Fajitas. Use the tomatoes and beef to make Spanish rice. Dice the potatoes and fry them with a bit of oil. Use some more tomatoes and the avocados to make some guacamole. Cut the zucchini, eggplant, and pepper into strips, as well as the chicken.

You don’t have tortillas, which kind of sucks, but you can either pick some up or just make it more of a stew.

Santo mentioned my idea. I would probably take a bunch of those items (potatoes, tomatoes, red peppers, chicken, random spices, some sort of liquid), toss them in the slow cooker and see what happens.
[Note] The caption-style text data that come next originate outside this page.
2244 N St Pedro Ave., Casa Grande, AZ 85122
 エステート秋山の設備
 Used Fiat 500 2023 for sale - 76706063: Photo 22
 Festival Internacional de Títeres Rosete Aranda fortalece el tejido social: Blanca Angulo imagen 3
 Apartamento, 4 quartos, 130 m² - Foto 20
Maybe put the result over the rice or pasta.

Make “Potato Lasagna.” Thin-slice the veggies, then layer potatoes, eggplant, zucchini and maybe the pepper. Hit it with a little tomato sauce and some cheese, then pop in the oven at 350 for 45 minutes or so. Serve it with broiled chicken breasts.

Moving thread from IMHO to Cafe Society.

Oh yea it’s about food, sorry about that.
And I am trying to make multiple meals out of all of this… I am a poor college kid here. Thanks all, oh! I do have beans!!!

It doesn’t really matter if you make multiple different meals, or make one big meal and eat it over several days, IMHO. As long as you make something different next time, it won’t get boring. Do you have a crock pot? They’re the best for poor college students.

How about a three course meal?

Appetizer: Roasted red pepper guacamole with fried eggplant, zucchini, and potato chips.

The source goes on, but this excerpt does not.